The next day I drove into the Golden Hills to have lunch with HRM. After lunch Hayden, Jake, and Jordan decided to wash the Mitsubishi which had gotten covered with bird poo after I had parked it for a few days under a large tree in the Enchanted Forest.
That’s all. Take care. Wear you mask. And, never forget to,
PETRILLO’S COMMENTARY:
A. Good News — Perhaps.
One morning while perusing the “recent stories” section of Daily Kos as I often do, I came across and interesting comment about future population growth. The author mentions that:
“Researchers at the University of Washington’s Institute for Health Metrics and Evaluation showed the global fertility rate nearly halved to 2.4 in 2017 – and their study, published in the Lancet, projects it will fall below 1.7 by 2100.” (https://www.bbc.com/news/health-53409521) If accurate, this may mean that humanity, if it manages to avoid some of the other threats to its continued existence, may survive the coming environmental apocalypse.
It is population growth that makes human technological advancement so deadly. As the author points out, one learns in Biology about the Bacterial Growth Curve. A single bacterium in a growth medium grows exponentially as the population doubles and redoubles until the bacteria begin to exhaust critical nutrients and toxic waste products build up, producing mortality increases. Finally the number of bacteria decreases. Unless nutrients are replenished or deadly waste removed extinction becomes probable. The implications of this are clear. As the author of the article states:
“Unthinking growth is always fatal, as is unthinking. Natural laws know no pity, neither for bacteria nor humans.

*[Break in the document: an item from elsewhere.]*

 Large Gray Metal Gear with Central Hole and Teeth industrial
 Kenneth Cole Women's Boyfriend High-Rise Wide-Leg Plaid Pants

He then explains that the current drop in the global fertility rate,
…has nothing to do with sperm counts or the usual things that come to mind when discussing fertility. Instead it is being driven by more women in education and work, as well as greater access to contraception, leading to women choosing to have fewer children. In many ways, falling fertility rates are a success story.
Once again it appears that it is women who will save us.
B. Could It Happen Here?
To restate the old Santayana meme, “Those who do not prepare for the worst, are doomed to experience it.” During the past few weeks, He Who Is Not My President has:
1. Moved federal troops into Portland Oregon ostensibly to protect Federal property from Black Lives Matter protestors. Neither the governor of the State nor the Mayor of the city requested any Federal assistance in controlling the protestors The troops are unidentified and are arresting and removing protestors often far from Federal properties.
2. Threatened to also send troops to Chicago and other Democratic-controlled cities.
3. Announced he may or may not accept the results of the election should he lose.
Now we all must not forget that this is a man who kept a copy of Mein Kampf on the nightstand by his bed. He does not read much, if anything at all, but he did read this book, at least part of it. The part that pertains to the steps to be used in order to seize power. If I were a modern conspiracy theorist and this was being done by say Obama or Biden or Hillary, I would allege this was done in preparation for a coup should they lose the election. Now, I may or may not qualify as a conspiracy theorist but not taking these hints seriously is foolish and not preparing deadly.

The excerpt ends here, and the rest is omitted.